Task statement: Reproduce exactly the lines of this material that begin at the line with "Cartier Cougar 987904" and end at the line with "Buty do biegania", both included. Omit the pictures and everything else.

Source material:
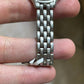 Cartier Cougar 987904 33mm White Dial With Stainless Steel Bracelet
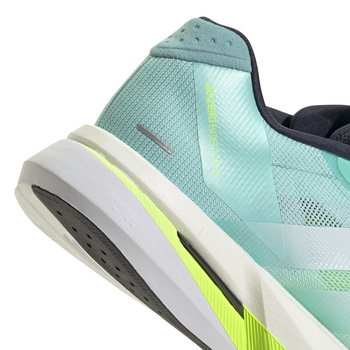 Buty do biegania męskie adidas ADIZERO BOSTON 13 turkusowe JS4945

--

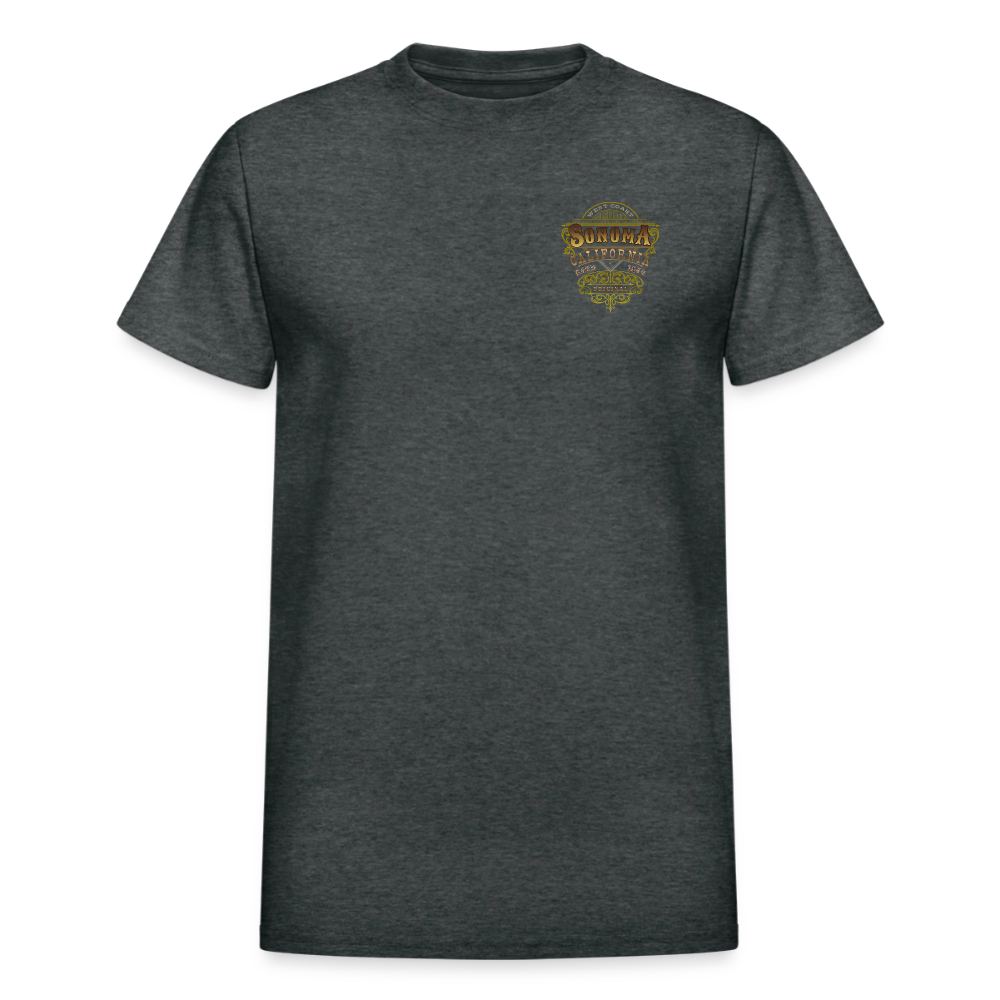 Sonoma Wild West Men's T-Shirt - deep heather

==

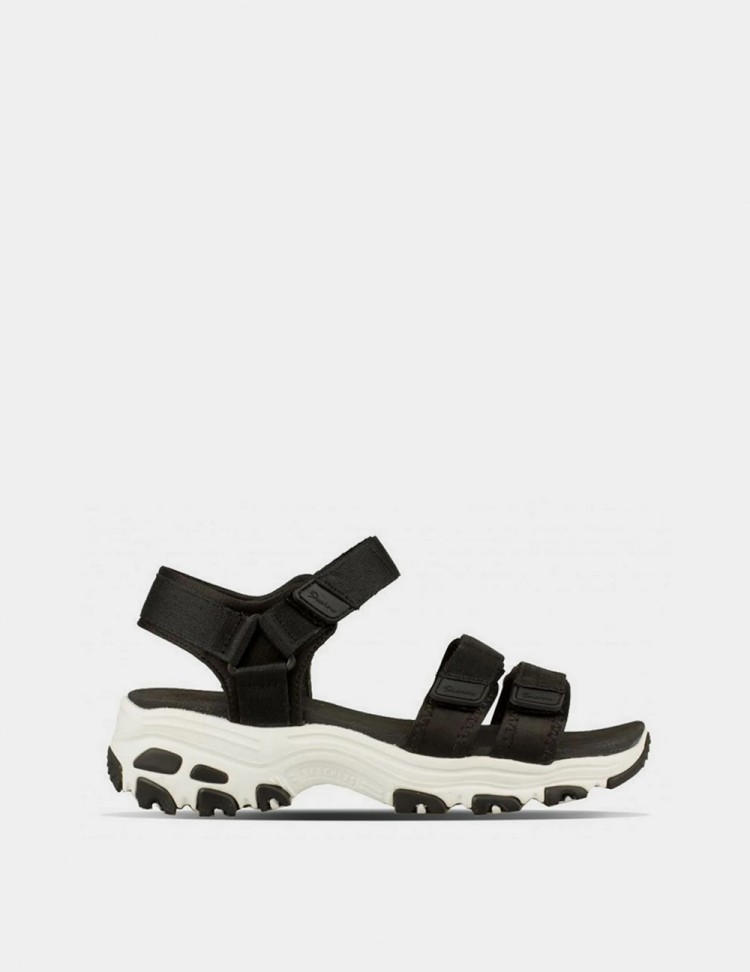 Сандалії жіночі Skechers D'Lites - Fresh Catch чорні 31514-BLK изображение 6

Your solution:
 Cartier Cougar 987904 33mm White Dial With Stainless Steel Bracelet
 Buty do biegania męskie adidas ADIZERO BOSTON 13 turkusowe JS4945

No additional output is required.